It was come near midnight.
The moon was full, since it was about the mid of the month.
September, so it was either cold or warm. But it was rather warm that night.
Yaile standed up in her room, in her own house, a house nearby the shore.
An open luggage was opened on her bed, things wretched around it.
She looked up those things before her eyes thoughtfully.
And then she started murmuring herself.
“Pain,” a word she began with. “Check.”
And she packed it in her luggage.
Then she came to another, “Suffer,” and again, “Check.”
Then she packed it in also.
“Hatred.”
“Check.”
“Despair.”
“Check.”
“Fright.”
“Check.”
“Sorrow.”
“Check.”
“Distress.”
“Check.”
“Conniption.”
“Check.”
“Disillusion.”
“Check.”
“Bitterness.”
“Check.”
“Irony.”
“Check.”
“Remorse.”
“Check.”
“Boundary.”
“Check.”
“Constraint.”
“Check.”
Those all was packed up till the luggage seemed overloaded.
Yaile hesitated for a moment or two. She still had some other things to be packed off.
But it seemed enough.
“All right,” she spoke herself.
Then she lifted her luggage up, felt how heavy it was.

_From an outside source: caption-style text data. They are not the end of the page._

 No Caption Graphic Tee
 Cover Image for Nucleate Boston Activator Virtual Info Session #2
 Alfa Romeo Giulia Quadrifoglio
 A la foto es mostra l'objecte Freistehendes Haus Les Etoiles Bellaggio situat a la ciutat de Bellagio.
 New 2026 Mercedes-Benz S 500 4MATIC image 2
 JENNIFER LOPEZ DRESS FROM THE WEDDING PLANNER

She needed more time as she tried in her all effort to bring it out of her house, to the shore.
It was reflux, of course, considering the full-moon.
Her hair was messed by the wind-blow. Very gusty the night was.

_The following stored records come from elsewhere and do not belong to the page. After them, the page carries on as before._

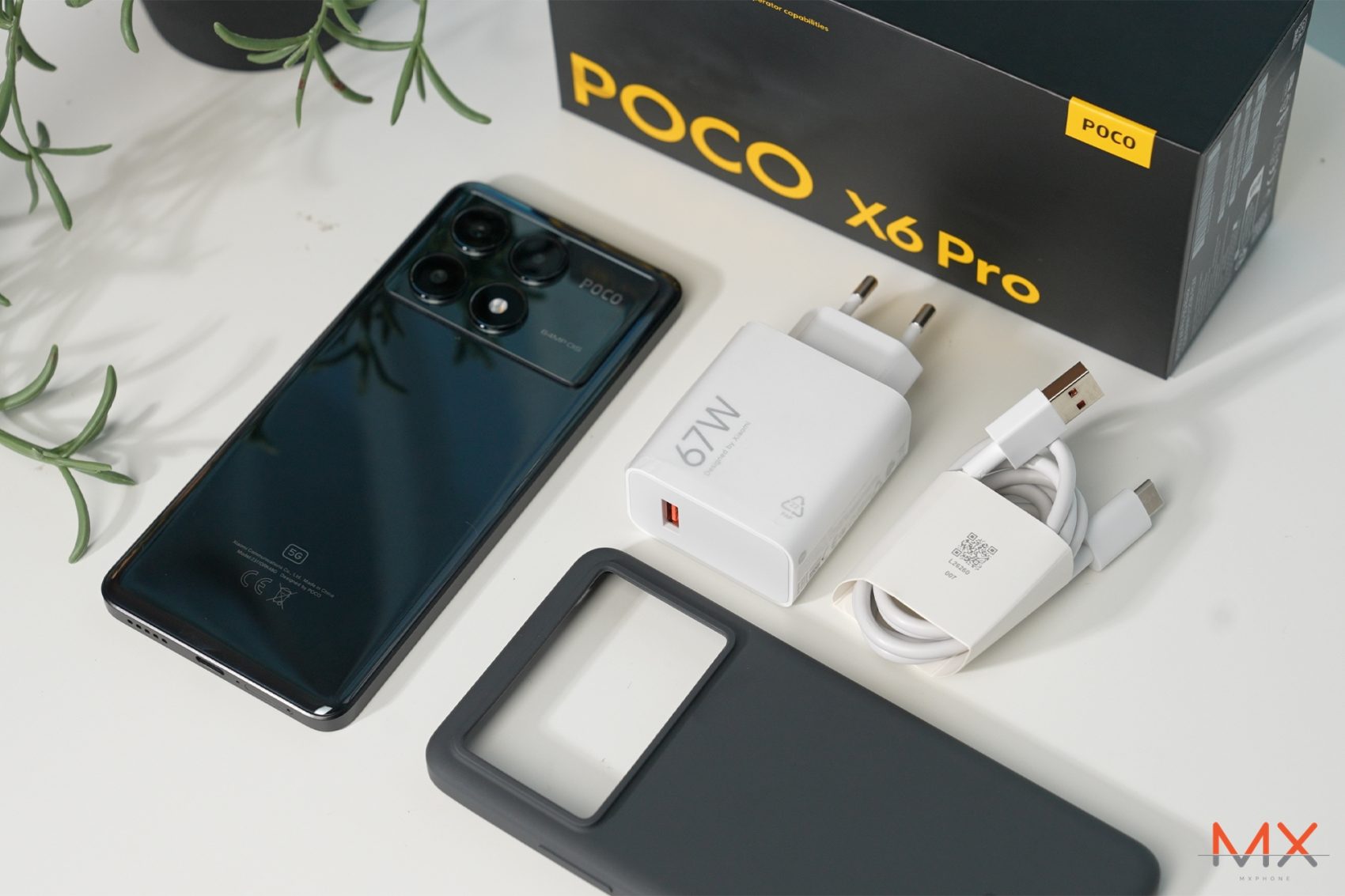 POCO X6 POCO X6 Pro POCO M6 Pro รีวิว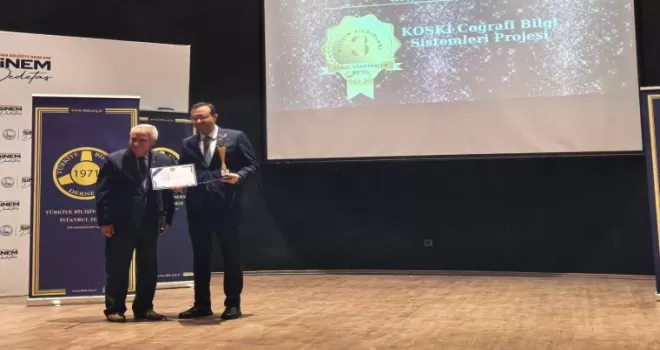 Konya’nın yerli projesi CBS’ye ’bilişim’ ödülü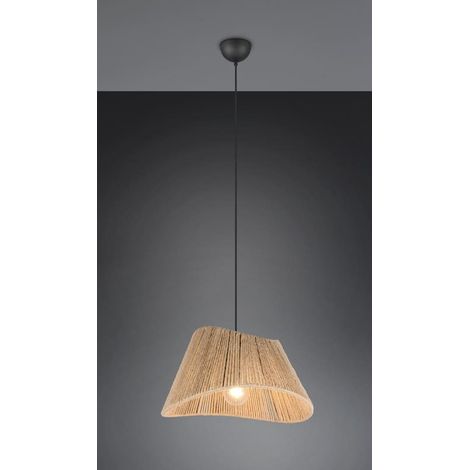 Suspension valerie naturelle 52 cm 1xe27 - trio casalum (1/3)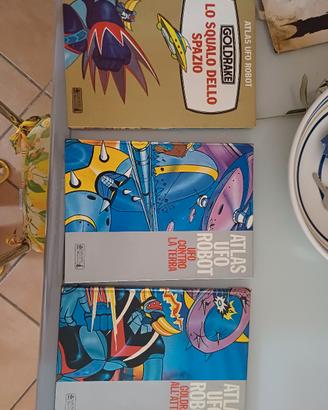 libri goldrake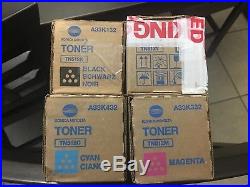 Bizhub Tn512c Tn512m Tn512y Tn512k Toner Cartridge Set Tn512 Cymk 2 Set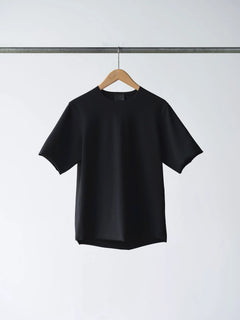 COMOLI コットンジャージ 半袖Tシャツ FADE BLACK | CASANOVA&CO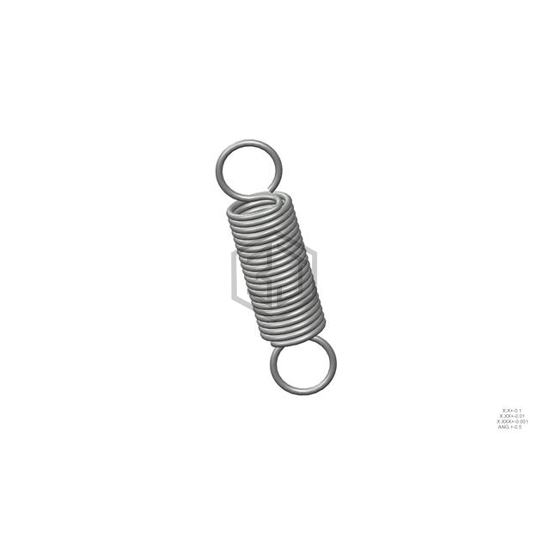 80992CS - Century Spring Corp - Springs - Extension, Drawbar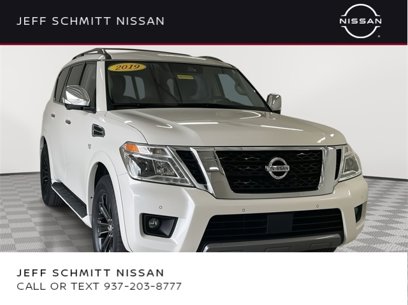 Used 2019 Nissan Armada Platinum w/ Captain's Chairs Package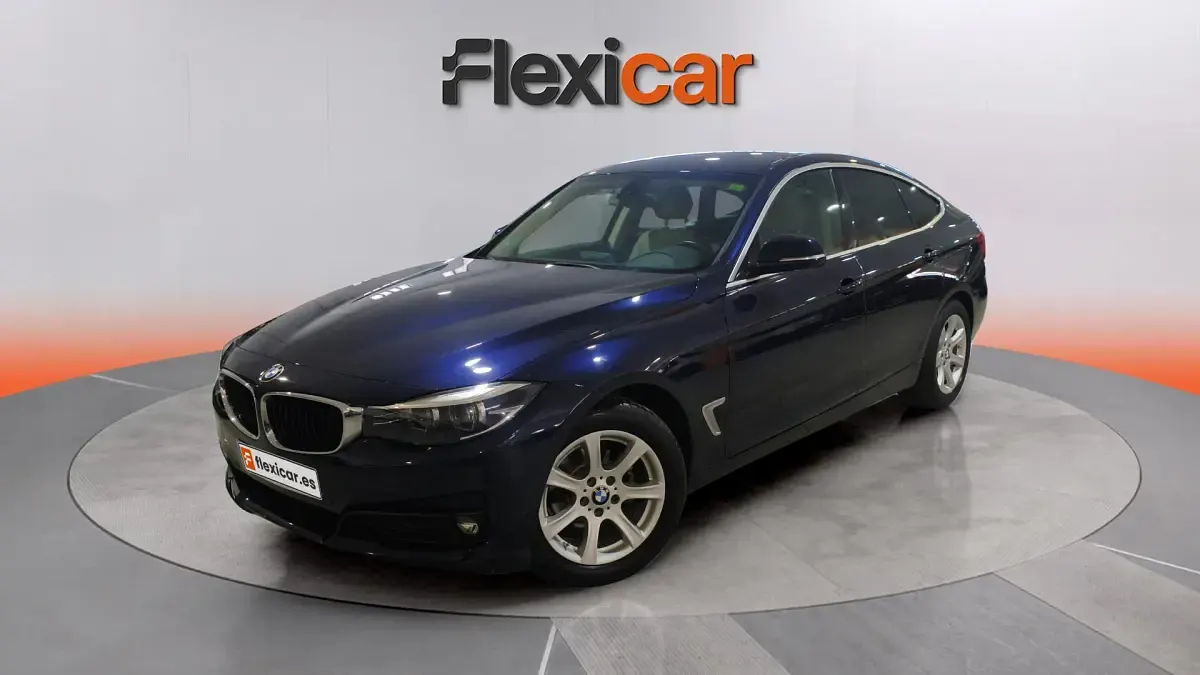 Usado BMW 318 Gran Turismo 150 CV (110 kW) 2018 Azul Berlina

Very bright, so she could see even a small part of wave’s froth.
“Perfect,” she smiled at once.
Then she came at the watershed.
She pulled up all her effort in her hands, and threw the luggage to the open sea.
She noded, as her luggage soared on the waves and she smiled brightly when it finally lost, swept away.

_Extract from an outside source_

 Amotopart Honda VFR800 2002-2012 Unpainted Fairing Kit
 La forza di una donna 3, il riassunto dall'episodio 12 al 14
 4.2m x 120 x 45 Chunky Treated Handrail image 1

“Bon adieu,” She whispered, no rued at all, and back to her house lightly.
Six months later, as Yaile enjoyed the warm air inside her house, she decided to take a little walk around the shore. So wavy that day, and the sun was so shiny, made a clear horizon over the off-shore.
She took her straw hat—green-coloured—put it on her head, and started to step her foot upon the sand.
Very pefect day, she thought.
She reached the fiord after some minutes, and sat a while.
Then she saw something that ruined all her good tempers.
Her luggage! Filthy, faded, but still she recognized it.
It was her luggage which she had thrown away that day six months ago.
It was still closed, with a padlock and also combination lock which—though looked damaged here and there—still kept it.
She stared at it, and in despair, he sighed.
“Quite round indeed, the world is,“ so she said loudly, with a sour face.
“They always back to you, no matter what!”